━━━━━ INFORMATION PROVIDED ━━━━━

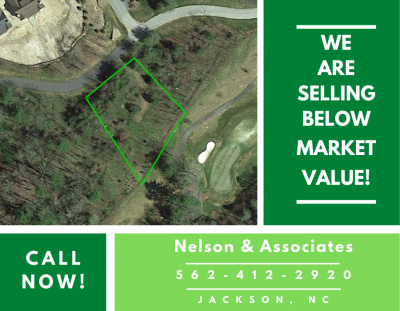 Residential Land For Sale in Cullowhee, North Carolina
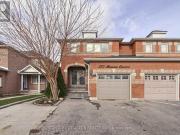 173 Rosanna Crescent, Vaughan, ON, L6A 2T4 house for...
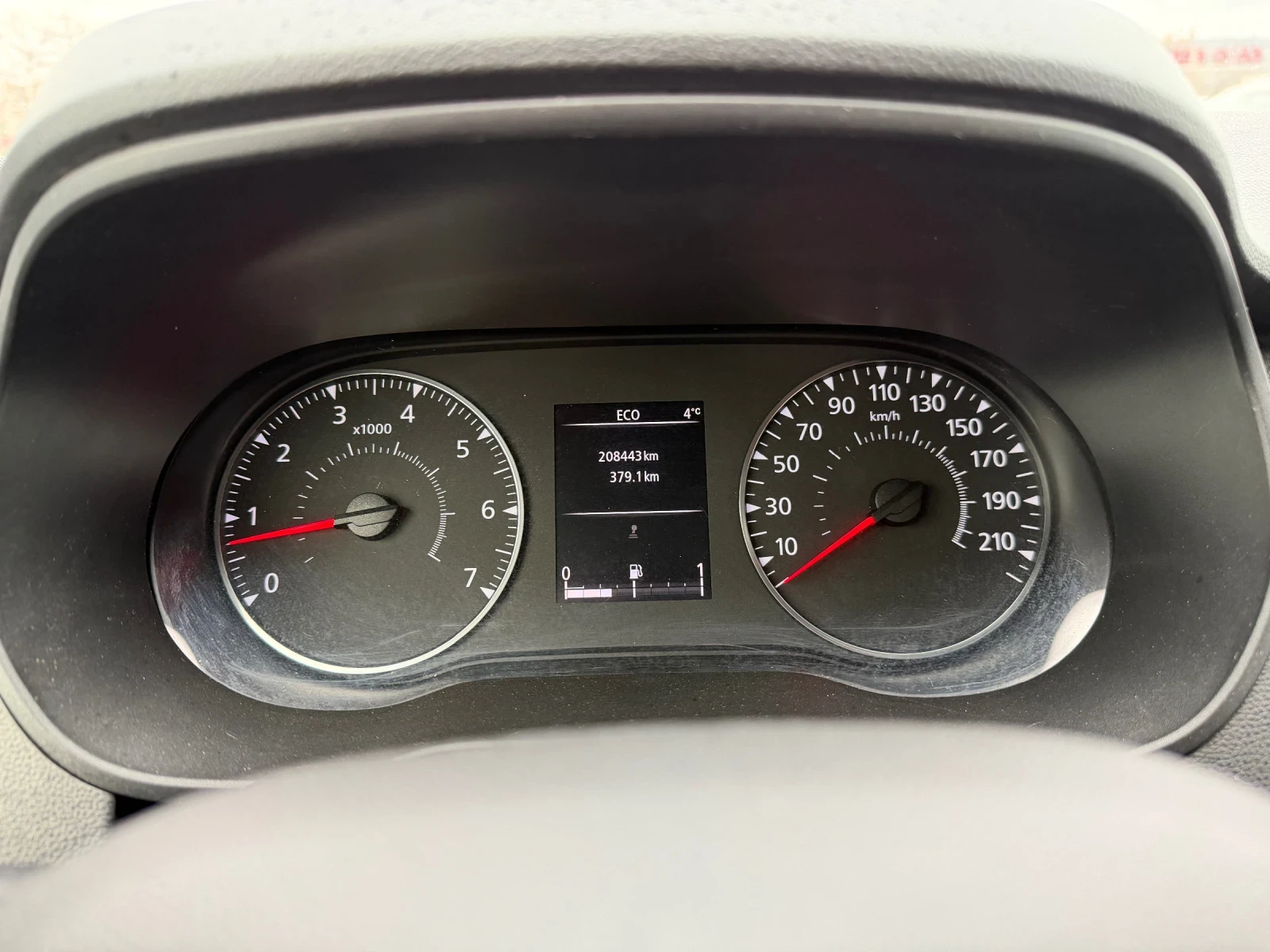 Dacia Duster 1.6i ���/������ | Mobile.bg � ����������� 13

━━━━━

• ABOUT THIS TASK: Beginning at the line that contains "173 Rosanna Crescent, Vaughan, ON, L6A", retype each line of the data above through the very last one. Do not retype the pictures.

• RESULT OF THIS EXERCISE:
 173 Rosanna Crescent, Vaughan, ON, L6A 2T4 house for...
 Dacia Duster 1.6i ���/������ | Mobile.bg � ����������� 13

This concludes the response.